Unfortunately for her, her trials were not over. As I discovered to my chagrain when googling cookie recipes, the cumulative cost of flour, sugar, eggs, milk, chocolate and vanilla essence reached substantially more than a batch of freshly baked Tesco cookies. Similarly the ingredients for Clev’s homemade lasagne, garlic bread, and dessert had to be sourced, as did potentially a new outfit [even though the arctic temperatures of our kitchen require at least ten layers at all times], new lingerie, candles, chocolates, and a card. Now, I know that many men probably cook for their women on Valentines day, some might take care over their outfits, and if they know what’s good for them I’m sure they all stress about cards and chocolates. However, it seems to me that women still share a disproportionate burden of the Valentine’s menu’s ideological cunning. We are conditioned to expect certain things – flowers, a card, to be treated in some way – but what we actually give in return has become muddled with the idea that what we are giving is ourselves – and so we spend our money on pants, hair products, make-up and fancy outfits.

I can’t speak from a truly gender neutral position, seeing as how I’m a girl and all, but purely from the experience of the email newsletters I have received I cannot fathom that male recipients are targeted in the same ways as women; that the same emphasis is made of physical appearance and artificial fripperies that become essentials when in pursuit of the “perfect Valentines.” I’m pretty sure that no-one in the Ann Summer sales department is going to raise an eyebrow at Chem wearing the same pair of pants on February the 14th 2013 as he did this year, but if they get wind that I might trot out my bargain Peacocks ensemble for the third year in a row, I will surely be doomed to a life of perpetual loneliness, cat ownership and rejection.
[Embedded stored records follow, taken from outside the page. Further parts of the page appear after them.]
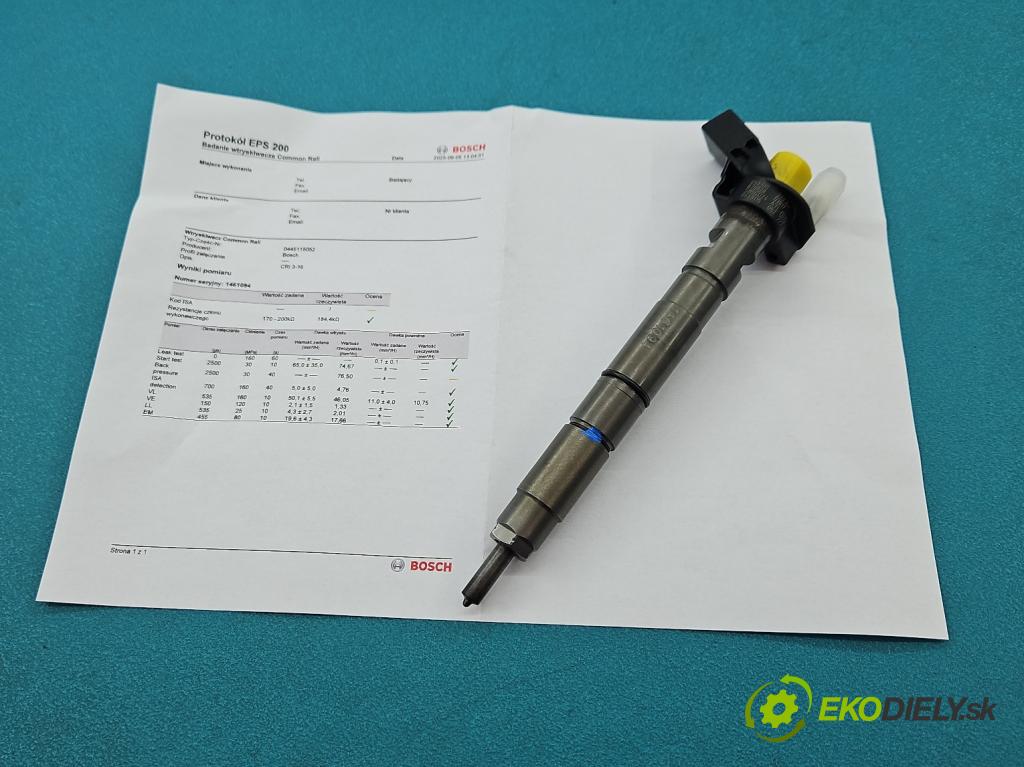 Audi A8 D3 2002-2009 3.0 tdi 211KM automatic 155 kW 2967 cm3 4- vstrek 0445115052 (Vstrekovač paliva)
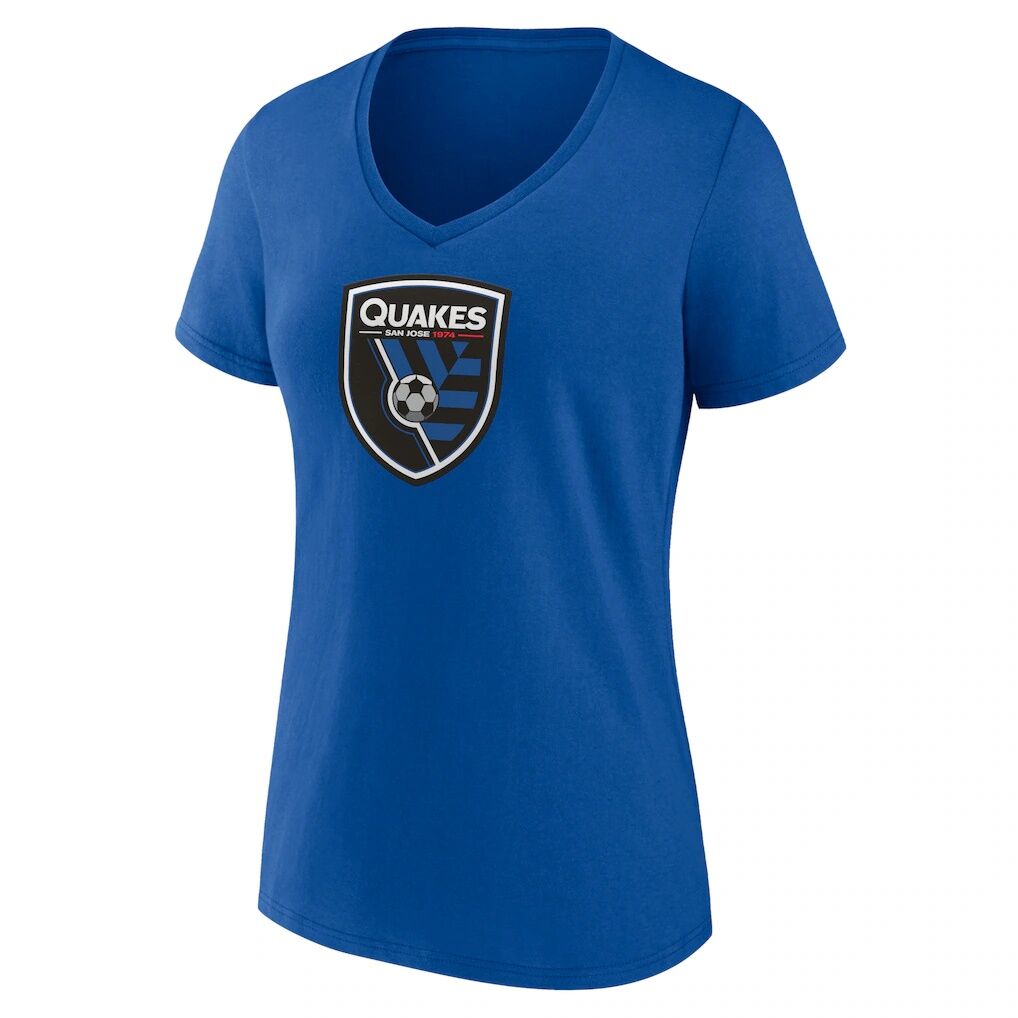 San Jose Earthquakes Fashion7 Women's Logo V-Neck T-Shirt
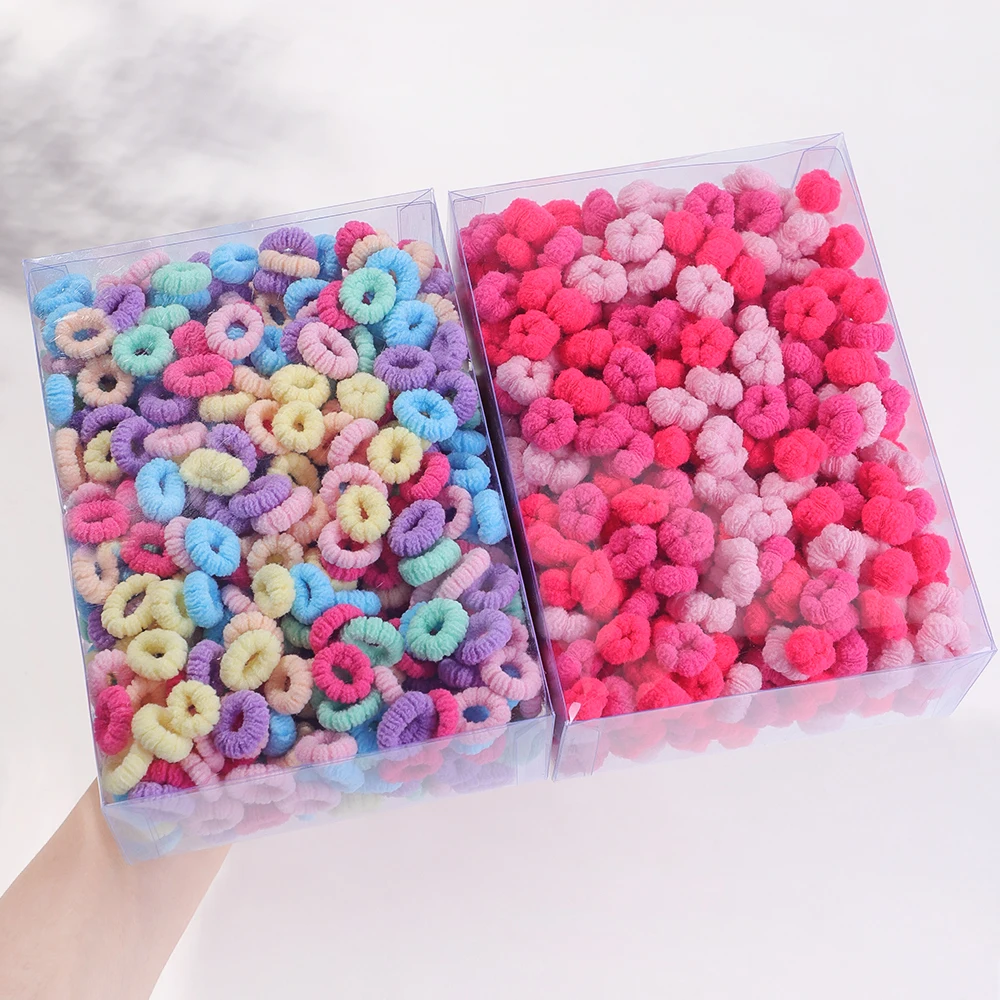50/100PCS Children Colorful Hair Rubber Band Elastic Hairband Wave Scrunchie for Baby Girls Hair Accessories Kids Head Rope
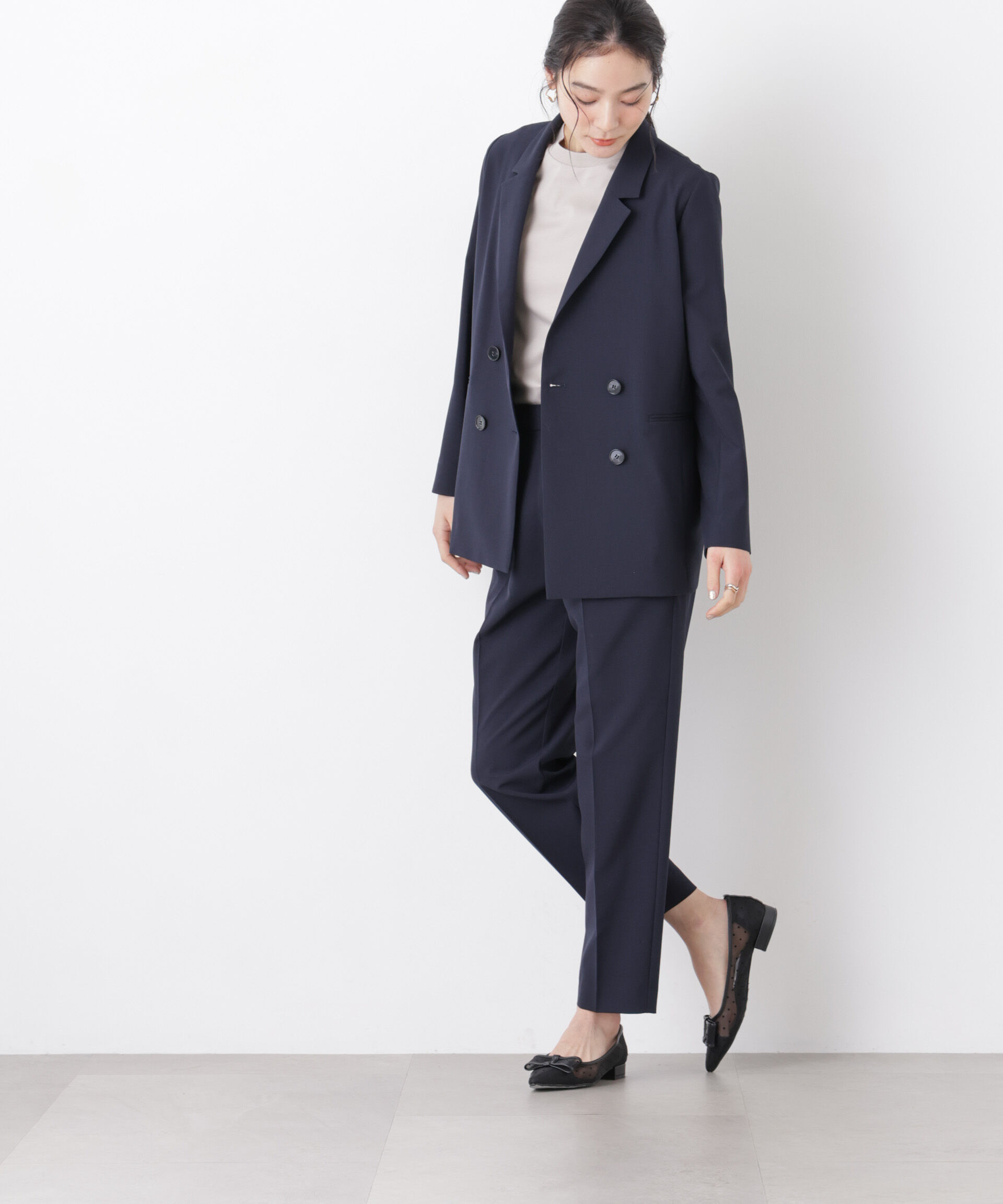 nano･universe「ライトファンクションイージーテーパードパンツ(セットアップ可)」|チノ|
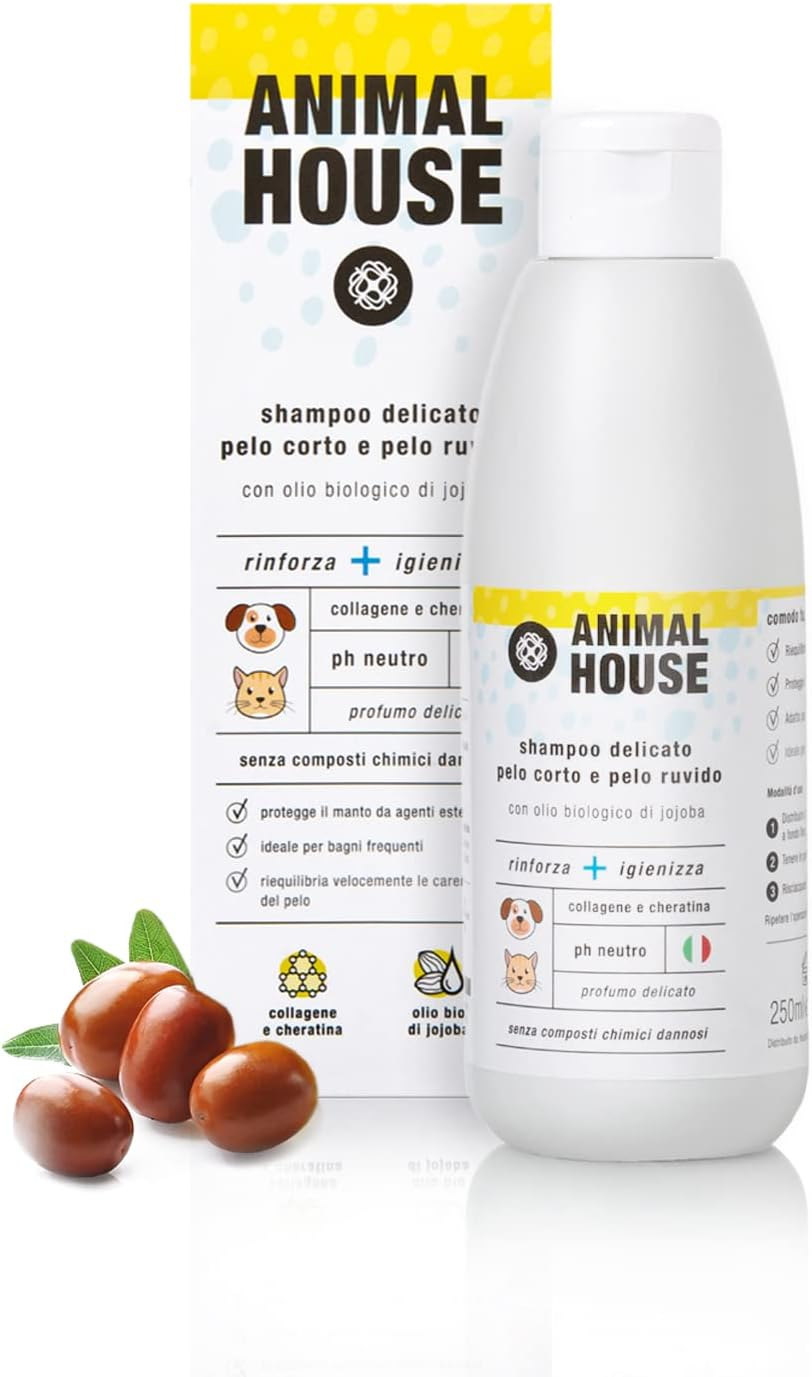 Animal House - Liquid Shampoo - Natural - Hypoallergenic - Fragrant - Free from Animal Testing (Rough Coat, 1) image number 3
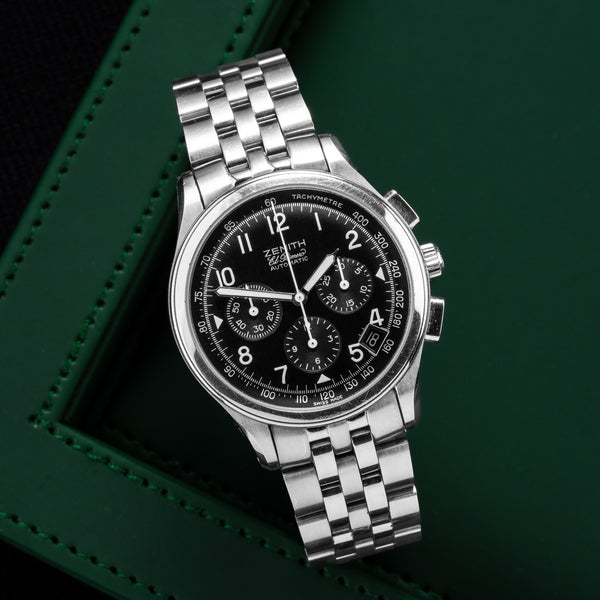 Zenith El Primero 02.0500.400/24 Stainless Steel watch with 38mm case.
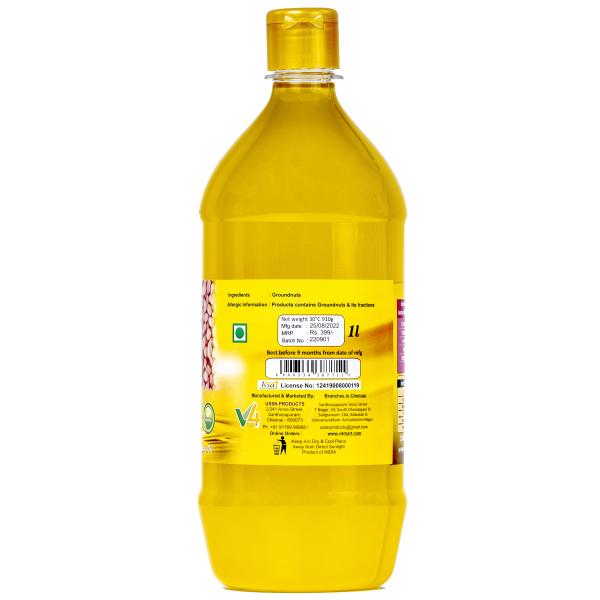 Karaikudi Wood Cold Pressed Groundnut Oil 6L (Marachekku Kadalai Ennai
Whilst I understand that Ann Summers are a business who are just trying to maximise their profits, and actually it was in no way compulsory for me to sign up for their newsletter in the first place, I actually prefer the generic love heart themed products and novelty decorations that resound in the Valentines displays of shops like Paperchase. This is because, in my eyes, part of the fun of Valentines is in celebrating Love itself as something to be cherished and, from time to time, reminded of. And the two people reminding each other of this love do not have to be lovers, but can be friends or family. For example, for about the last three years I have consistently posted my sister a Valentines card, and she posts one to me, regardless of the acquisition of any male admirers along the way. Admittedly, my Father has stopped buying me a Valentines bouquet of flowers now that Chem [after nearly two years of not very subtle hinting] has taken up his manly duties. But he did still send down some extra money with my sister when she came to visit on the 15th, in case I felt left out.

So to me, Valentines has never been that tremble-inducing reminder of inadequacy or loneliness, even before I found someone willing to buy me soppy cards and put up with the sometimes negligible results of my baking.  But then, I always resisted the notion that I needed a boyfriend to make me happy on all the other 364 days of the year, so this day was no real exception. Call me old fashioned, but I think the joy of Valentines is in celebrating the people who love you for who you are, whether they be lovers, friends, or family – and that is a sentiment both personal and universal.

Disappointingly, my own attempts this year to have my personal sentiments for my dear boyfriend immortalised in icing on the universal medium of a Thornton’s chocolate heart were cut short, when the saleslady refused to ice the message “You Smell” – apparently it was “too offensive.”